I think that the fact that you have put the needs of your children ahead of your needs of being a slave shows what a wonderful mommy you really are.
Finding a balance between mommy and slave will be more challenging with three little one's, but I'm sure when you are ready your Sir will help you find the right balance. In the meantime make sure to get enough rest and take care of yourself so that you can take care of those precious babies.
Hope today is better for you, just know that you are loved and that you are a wonderful mother. I'm sure Sir is very proud of you and whenever you need to vent...we will listen.
measha
I hate to see you say that you dont feel like you are doing a very good job as a mother. You are putting your children before yourself and providing all three of them with the very best care. The very best thing you can do for William is give him love and affection and be there for him. Some people would not be strong enough to do that. Everytime you hold him, give him a kiss, stand up for him, or stay up worrying about him, it is making a positive difference for him.

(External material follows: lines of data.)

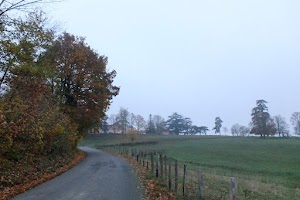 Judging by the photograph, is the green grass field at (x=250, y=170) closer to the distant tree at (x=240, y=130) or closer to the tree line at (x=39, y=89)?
the tree line at (x=39, y=89)

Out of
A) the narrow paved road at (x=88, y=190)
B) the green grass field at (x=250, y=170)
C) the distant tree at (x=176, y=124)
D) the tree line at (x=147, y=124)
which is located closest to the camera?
the narrow paved road at (x=88, y=190)

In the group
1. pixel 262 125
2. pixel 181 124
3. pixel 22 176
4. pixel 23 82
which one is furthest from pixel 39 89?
pixel 181 124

4:19 PMOh libby, it is rough to feel that way, and I have not felt it nearly to the extent you are now. But there is one statement that I want to voice a thought about...
4:25 PMYou said, "i *need* to be useful and make a difference in people's lives, and it's unclear how much i am able to do that with William."

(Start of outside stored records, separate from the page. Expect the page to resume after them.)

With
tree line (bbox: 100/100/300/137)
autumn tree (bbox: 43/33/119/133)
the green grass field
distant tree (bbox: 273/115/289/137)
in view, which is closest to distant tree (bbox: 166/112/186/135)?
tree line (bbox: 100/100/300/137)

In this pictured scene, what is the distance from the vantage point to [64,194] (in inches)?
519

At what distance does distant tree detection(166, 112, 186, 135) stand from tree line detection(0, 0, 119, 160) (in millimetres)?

Libby, by *giving* him life, you have made all the difference in the world, no matter what else happens.
By standing up for his rights as a special needs child with as much worth as his twin and his sister, you have made a difference in his life.
By researching, discussing, making intelligent decisions regarding his care, you are making a difference.
By breastfeeding him, you are making more of a difference than you may ever know.
By delaying the expression of a very real part of who you are, to put him and Finn first, you are making a difference.
And by loving your Sir, caring for home and family as you do, being the mother bear when you need to be, and giving all you can to your children, you are making a difference in his life as well.
Libby, for everything there is a season. This season in your life is as mother and wife, then slave...as i am sure Sir Peter would agree with, simply because of his own need to be father and husband, then Dominant.
But it is as i said in one of my blog posts...you can't really separate out the submission and control from your relationship, even if the expression of it is done in non-typically D/s ways.
You are always becoming a better slave to him, by becoming a better woman, better mother. Or that is how i see it, dear libby.
Enjoy what you have and be who you are, and do what you need to do without forcing more, unless Sir Peter wishes it of course.
*hugs and prayers*
titty
Ah libby ... hugs .... hugs ... hugs ...
8:51 AMthanks for the hugs and the support - always gratefull received. titty's comment made me cry, but good tears, and it all made sense, particularly the bit about the 'seasons' - right now it is time for me to focus on being a mummy, but hopefully in the not-too-distant future it will be time to step up on the slave aspects again and bring a little more balance to my life. And both ways of being are fine because both are suited to the needs of my life at the time.
9:27 AMThanks for listening and thanks for caring.